Anger over Biden’s lack of action may not be enough to cost him the vote in November. After all, the alternative of a Trump presidency is more chilling for Democrats. But expect the bi-partisan consensus on supporting Israel to come to an end eventually once a new generation of politicians come into power.

11 April 2024

... except from Meloni

Italy is perhaps the country where the recent European Parliament vote in favour of the EU’s migration vote will weigh most heavily. Giorgia Meloni had staked political capital on backing the agreement. Implicitly, the bet on the pact was also a bet on the philosophy that to achieve her policy priorities on immigration, it was better to work with the EU, not against it. That has paid off for her. But in the next parliamentary term, she will have to deal with what we think will be a familiar problem for her political project: fair-weather allies on the far-right.

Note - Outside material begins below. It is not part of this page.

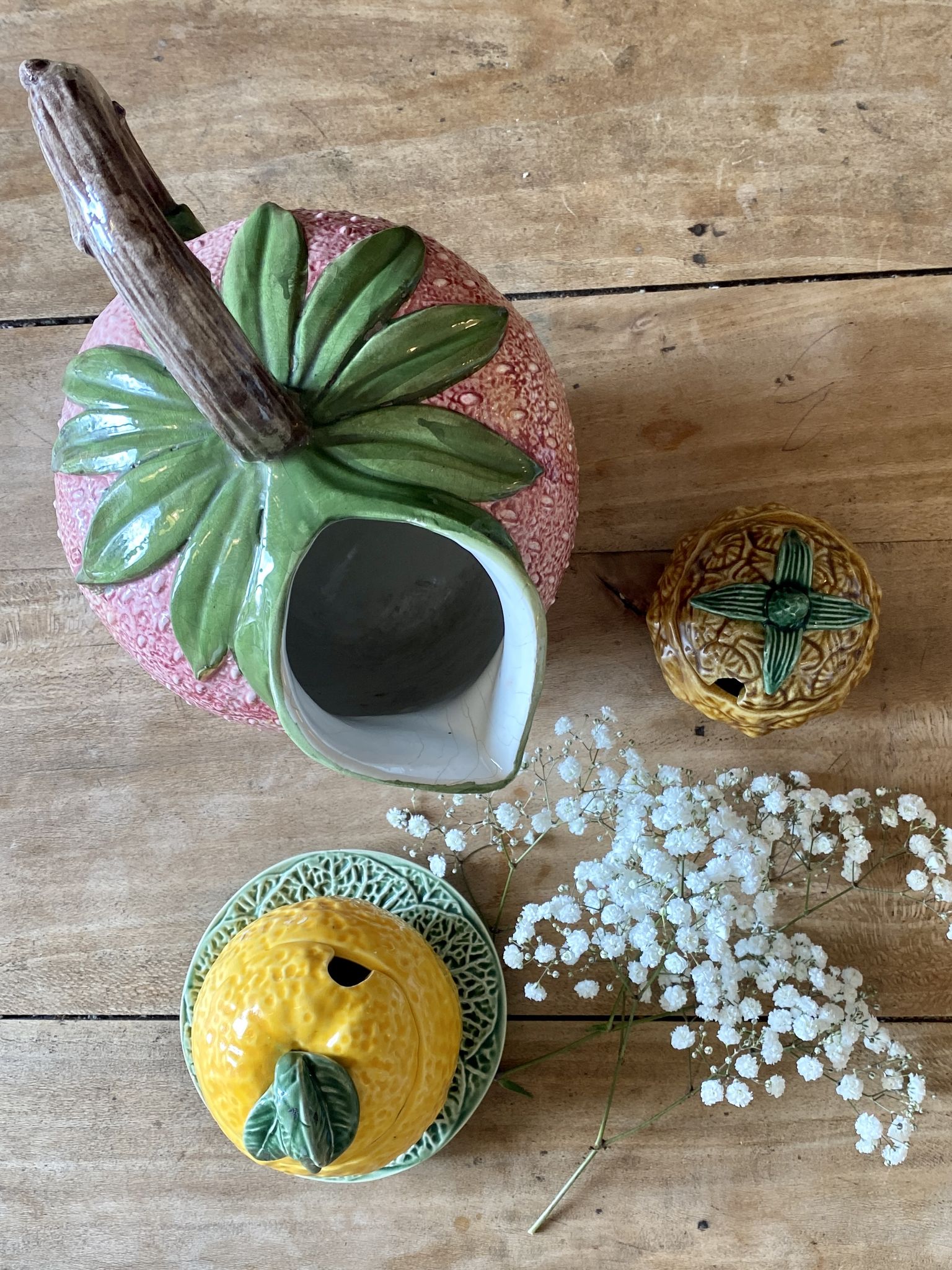 Set of ceramic fruits, a strawberry decanter and two lemon and pineapple jam jars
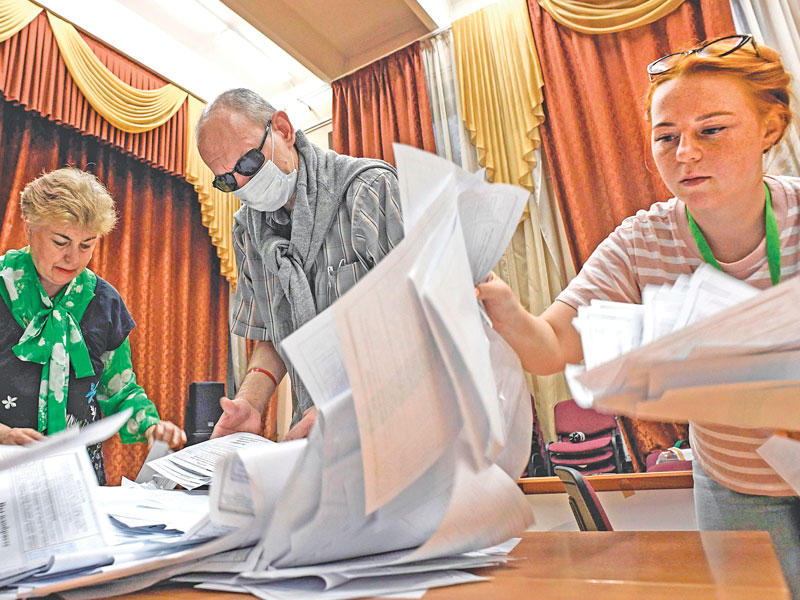 موظفون روس خلال عملية فرز الأصوات في موسكو (أ ف ب)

The most important part of the pact for Italy, which passed along with the rest of it in the EP, is the so-called solidarity mechanism. Each year, Italy receives a large number of migrant arrivals via the Mediterranean. These migrants generally want to move on to other countries. But under the Dublin regulation, they are supposed to file any claims for asylum in the first EU member state they arrive and register in. This means they are Italy’s responsibility. It also means that other countries can return asylum-seekers to Italy if they find they have registered there first.

Successive Italian governments have been unhappy about this for a while. They have argued that this is unfair on Italy, and that there should be some sort of burden-sharing mechanism. This is something the new pact delivers. Countries who receive fewer asylum-seekers will now have to contribute, either by accepting more, providing financial assistance, or through logistical support.

This doesn’t go quite as far as what the Italian government may have wanted. But it’s probably as good as it’s going to get for it, given the political circumstances. The Italian government backed the pact in the EU Council back in October. Since then, Meloni’s stance publicly has been that she does not see it as a long-term solution, but that it’s better than nothing.

We see the pact passing as a win for her domestically on two sides. One is that she can claim a victory over Italy’s opposition, who voted against some of the pact’s provisions in the EP. Another is that she can stand up more effectively to her more avowedly Eurosceptic allies, like Matteo Salvini. His party, Lega, also voted against some of the provisions in the pact.

But at the European level, the vote demonstrates a stark choice that Meloni will have to make. Her European allies in the ECR political group voted against the pact, including Poland’s Law and Justice. So did Marine Le Pen’s Rassemblement National and Viktor Orbán’s Fidesz. Fratelli d’Italia was alone amongst parties that should be its natural allies. The logical conclusion is that in the EU, Meloni will slowly enter the gravitational pull of the centre-right even if a formal tie-up doesn’t happen.